The BFRT went 4/4 and they all apparently were nearly unanimous. Hopefully other affluent suburbs can learn from Concord's surprising willingness to build trails (looking at you weston).


BFRT newsletter: http://brucefreemanrailtrail.org/wp-content/uploads/2016/02/BFRT-News-Spring-2016.pdf
 
The Medford Bike Commission posted their bicycle infrastructure plan recently: https://drive.google.com/file/d/0B_-sjps39txyd01TY1ZvLUVNYkE/view

This is a funding and willpower constrained plan that mostly focuses on sharrows and paint. The plan avoids removing travel lanes and puts most parking removal in the “long-term” category.

That said, there are some parts that look really good. The real opportunity in the plan is making use of Medford’s better than average street connectivity to create a network of bicycle boulevards (aka neighborhood greenways, class III bikeways, neighborways etc). Sharrows alone do nothing and may make conditions worse, but in most cases the sharrows are combined with smart bicycle boulevard treatments. I see mentions of:

  • Modifying intersections with minor streets to allow free movement along the bike boulevard,
  • Intersection treatments at major streets to handle discontinuities in the bike boulevard,
  • Traffic calming to keep auto speeds low,
  • Contraflow lanes on many one-way streets that are part of a bicycle boulevard to allow easy two-way travel,
  • Signage to direct bicyclists along the boulevard

I think that a great bike boulevard is as good as or better than a compromised separated bike lane or a door zone painted bike lane. It would be better if the plan included some volume control to divert car traffic away from these bicycle boulevards, but this is a fine start.

If Medford goes on a sharrow-applicating spree AND includes the details that the plan calls for, then this could be pretty good. If they slap sharrows down on Harvard, Boston, Mystic, and some of the other truly nasty streets and call it a day then it’s going to be a huge missed opportunity. I do not see mentions of any sort of implementation plan. It would be really cool if Medford just went out and did this now given how cheap it is to move stop signs and put down some sharrows. But is any of this likely to happen? I don’t know Medford well enough.
 
The Medford Bike Commission posted their bicycle infrastructure plan recently: https://drive.google.com/file/d/0B_-sjps39txyd01TY1ZvLUVNYkE/view

This is a funding and willpower constrained plan that mostly focuses on sharrows and paint. The plan avoids removing travel lanes and puts most parking removal in the “long-term” category.

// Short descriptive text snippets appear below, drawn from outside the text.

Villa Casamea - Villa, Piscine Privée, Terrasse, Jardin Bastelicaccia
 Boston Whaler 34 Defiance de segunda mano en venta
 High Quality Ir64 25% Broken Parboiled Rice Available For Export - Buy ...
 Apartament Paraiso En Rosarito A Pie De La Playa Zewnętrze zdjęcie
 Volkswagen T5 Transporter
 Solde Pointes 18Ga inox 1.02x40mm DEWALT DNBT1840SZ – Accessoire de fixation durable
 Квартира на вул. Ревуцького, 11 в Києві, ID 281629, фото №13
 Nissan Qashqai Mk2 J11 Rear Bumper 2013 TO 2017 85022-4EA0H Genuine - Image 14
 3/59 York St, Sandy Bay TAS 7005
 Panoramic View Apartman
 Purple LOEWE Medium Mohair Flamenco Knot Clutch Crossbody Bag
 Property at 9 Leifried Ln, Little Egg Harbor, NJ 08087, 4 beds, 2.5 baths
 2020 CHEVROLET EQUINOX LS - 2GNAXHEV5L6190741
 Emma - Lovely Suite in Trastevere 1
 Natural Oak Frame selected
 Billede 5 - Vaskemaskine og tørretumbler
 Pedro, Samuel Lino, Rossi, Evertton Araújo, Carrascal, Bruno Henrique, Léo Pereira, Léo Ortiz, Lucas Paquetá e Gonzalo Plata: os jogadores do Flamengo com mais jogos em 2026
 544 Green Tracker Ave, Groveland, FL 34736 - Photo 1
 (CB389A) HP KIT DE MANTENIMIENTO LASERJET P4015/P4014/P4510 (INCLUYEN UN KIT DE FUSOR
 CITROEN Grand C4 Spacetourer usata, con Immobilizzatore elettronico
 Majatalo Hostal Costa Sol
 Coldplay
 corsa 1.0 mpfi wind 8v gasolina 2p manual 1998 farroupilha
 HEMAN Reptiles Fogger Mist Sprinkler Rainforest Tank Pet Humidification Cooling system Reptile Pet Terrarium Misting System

That said, there are some parts that look really good. The real opportunity in the plan is making use of Medford’s better than average street connectivity to create a network of bicycle boulevards (aka neighborhood greenways, class III bikeways, neighborways etc). Sharrows alone do nothing and may make conditions worse, but in most cases the sharrows are combined with smart bicycle boulevard treatments. I see mentions of:

  • Modifying intersections with minor streets to allow free movement along the bike boulevard,
  • Intersection treatments at major streets to handle discontinuities in the bike boulevard,
  • Traffic calming to keep auto speeds low,
  • Contraflow lanes on many one-way streets that are part of a bicycle boulevard to allow easy two-way travel,
  • Signage to direct bicyclists along the boulevard

I think that a great bike boulevard is as good as or better than a compromised separated bike lane or a door zone painted bike lane. It would be better if the plan included some volume control to divert car traffic away from these bicycle boulevards, but this is a fine start.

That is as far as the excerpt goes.